One of my guy friends was in an abusive relationship with an abusive woman he was living with. He made the typical rationalizations that an abuse victim has like "Oh, she has anxiety." He finally got set up with a different apartment, but he had to stay with me for a couple weeks while they were getting it ready to avoid her in the meantime. A few months later he broke up with his new gf to go out with the abuser again. I was like _facepalm_ "You idiot!", but I didn't say that. So I thought maybe it wouldn't be so bad if they're not living together and around each other 24/7. Fast forward several months and he was planning to move back in with her. _facepalm_ "Omfg you fuckin' idiot!!" I told him "Did it ever occur to you that maybe she's not being abusive because you two aren't under the same roof 24/7?" Duh! I told him I'd have a hard time being sympathetic for him the _2nd_ time. Luckily her apartment building changed their policies and he's not allowed to live with her this time.


----------



## 1imaan1

I wanna ask something about a person i know.I'll refer to him as A. A's sister is abusive, she threatens her spouse with divorce and abuses so much. What should the spouse do? And what can A can do about his sister?

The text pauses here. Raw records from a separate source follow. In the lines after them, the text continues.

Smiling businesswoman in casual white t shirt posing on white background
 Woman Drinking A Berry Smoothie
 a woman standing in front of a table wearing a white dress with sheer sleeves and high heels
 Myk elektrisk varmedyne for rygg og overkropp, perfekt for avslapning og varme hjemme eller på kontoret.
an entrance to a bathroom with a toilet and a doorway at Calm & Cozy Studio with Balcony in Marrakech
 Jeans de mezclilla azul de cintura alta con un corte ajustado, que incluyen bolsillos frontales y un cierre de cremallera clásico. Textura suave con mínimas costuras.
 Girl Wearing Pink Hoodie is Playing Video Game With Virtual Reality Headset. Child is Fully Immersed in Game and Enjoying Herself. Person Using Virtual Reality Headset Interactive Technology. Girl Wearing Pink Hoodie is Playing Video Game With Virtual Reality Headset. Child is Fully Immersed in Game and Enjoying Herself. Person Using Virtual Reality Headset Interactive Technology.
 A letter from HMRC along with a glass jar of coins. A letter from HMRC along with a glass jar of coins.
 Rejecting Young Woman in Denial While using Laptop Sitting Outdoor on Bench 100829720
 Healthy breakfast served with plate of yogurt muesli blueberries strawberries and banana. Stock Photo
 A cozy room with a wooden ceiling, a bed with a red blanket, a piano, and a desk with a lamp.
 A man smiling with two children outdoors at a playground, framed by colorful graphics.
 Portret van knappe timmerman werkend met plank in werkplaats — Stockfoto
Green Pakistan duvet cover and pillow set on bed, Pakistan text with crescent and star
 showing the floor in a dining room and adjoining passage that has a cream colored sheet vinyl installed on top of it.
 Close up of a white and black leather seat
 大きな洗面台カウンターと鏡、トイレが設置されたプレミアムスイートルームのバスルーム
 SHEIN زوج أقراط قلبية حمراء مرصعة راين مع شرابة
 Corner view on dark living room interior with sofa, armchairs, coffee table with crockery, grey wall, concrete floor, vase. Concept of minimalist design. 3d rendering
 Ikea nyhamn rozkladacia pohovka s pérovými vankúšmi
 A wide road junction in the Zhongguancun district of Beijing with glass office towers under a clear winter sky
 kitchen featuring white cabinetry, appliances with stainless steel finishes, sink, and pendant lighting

Sent from my ASUS_X01AD using Tapatalk


----------



## 1imaan1

1imaan1 said:


> I wanna ask something about a person i know.I'll refer to him as A. A's sister is abusive, she threatens her spouse with divorce and abuses so much. What should the spouse do? And what can A can do about his sister?
> 
> Sent from my ASUS_X01AD using Tapatalk


Please can anyone help me with this.
:bump:

Sent from my ASUS_X01AD using Tapatalk


----------



## Rigg

1imaan1 said:


> Please can anyone help me with this.
> :bump:
> 
> Sent from my ASUS_X01AD using Tapatalk



If she really is being abusive, it's best really to maintain an open line of connection with the bloke in the situation. If he opens up about how he feels about the situation a bit of solid advice would go a long way, but never sound like you're trying to interfere with a 

But as for what the bloke can do.... well that's up to him. 
If he thinks it's ok he'll stay.


----------



## New Englander

"I'll slap your mouth off" ? Hmmm.

Anyway.. . I think consensual kink is ok, though.

Someone who wants to abuse me and who is an "upstanding citizen" thought he could strangle me just because one of my favorite couples on a Soap as a child was a bit problematic. An idea taken from your list. He thinks he is a chivalrist. I was 13 and 14.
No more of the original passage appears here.